Robótica

Laboratório único no mundo permitirá teste de robôs assistentes

Laboratório único no mundo permitirá teste de robôs assistentes
Este laboratório único no mundo tem todos os equipamentos necessários para simular um mundo que parece se mover, o que é uma realidade para pessoas fisicamente debilitadas.[Imagem: Toronto Rehab]

Inclusão robótica

Depois de ficar um perdida em meio a uma série de expectativas frustradas, a robótica parece ter finalmente encontrado um nicho para a inserção dos robôs na sociedade.
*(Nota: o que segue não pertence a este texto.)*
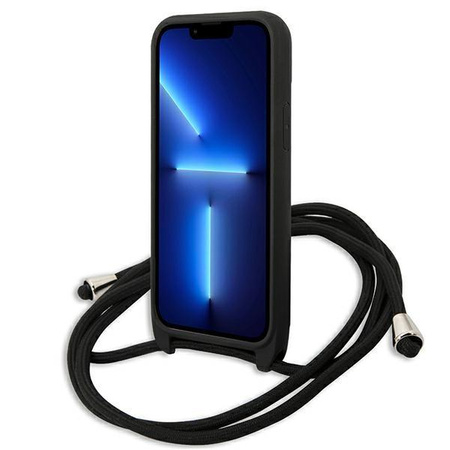 Karl Lagerfeld Leather Monogram Patch and Cord Iconik - Hülle für iPhone 13 mini (Schwarz)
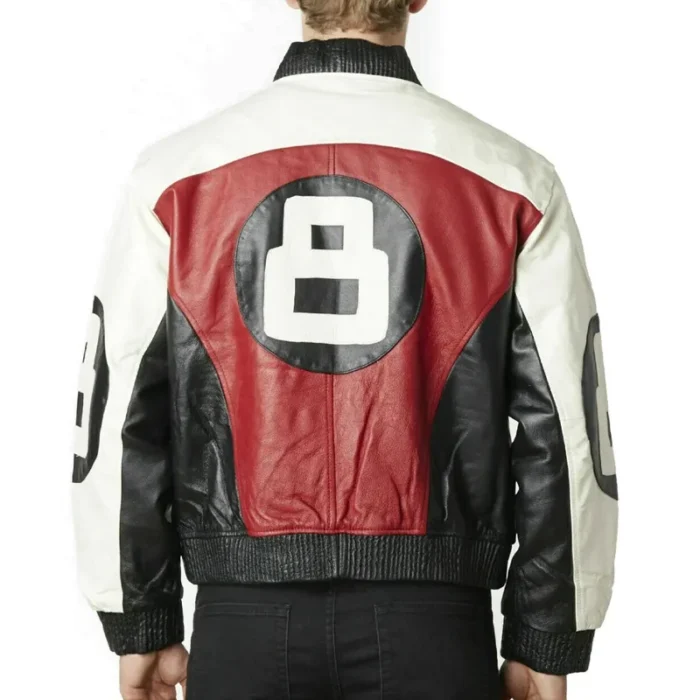Men's Eight Ball Red and White Leather Jacket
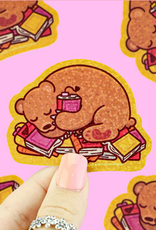 Turtle Soup Glitter Sticker: Sleepy Book Bear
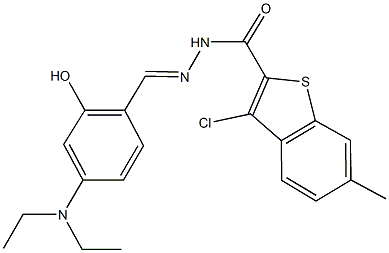 3-chloro-N'-[4-(diethylamino)-2-hydroxybenzylidene]-6-methyl-1-benzothiophene-2-carbohydrazide 结构式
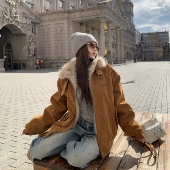 新款 3MER哦哦三妹 毛毛拼接麂皮机车棉服女冬季 保暖夹棉棉衣外套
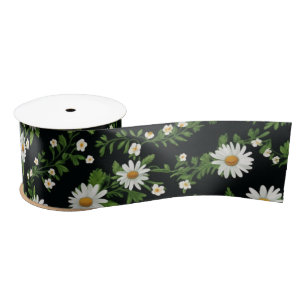Watercolor Daisies On Black Satin Ribbon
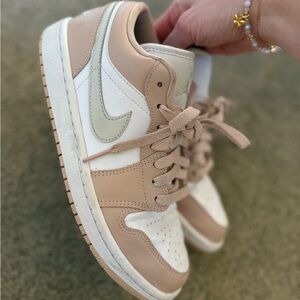 Nike Women's Tan and White Sneakers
Enquanto os robôs assistentes não se tornam capazes de ajudar a lavar a louças ou limpar a casa, a nova onda de "inclusão robótica" está se dando através do suporte a pessoas idosas, com deficiências físicas e pacientes hospitalizados.

Os exoesqueletos e as próteses robotizadas - como braços biônicos e pés robotizados - são exemplos de soluções capazes de dar à robótica um senso de realidade.

A grande vantagem é que, com o avanço das interfaces neurais, é cada vez mais factível conectar a próteses biônicas diretamente ao cérebro humano, eliminando a complicada tarefa de criar um cérebro robótico.

Laboratório para teste de robôs

Os engenheiros e cientistas envolvidos na área - os roboticistas - estão agora superando o primeiro desafio para gerar soluções práticas: montar um laboratório onde seja possível simular as diversas condições com que se deparam as pessoas que deverão usufruir do auxílio dos robôs.

A equipe do Instituto de Reabilitação de Toronto, no Canadá, sabe bem como lidar com as dificuldades motoras de pessoas acidentadas, deficientes ou idosas.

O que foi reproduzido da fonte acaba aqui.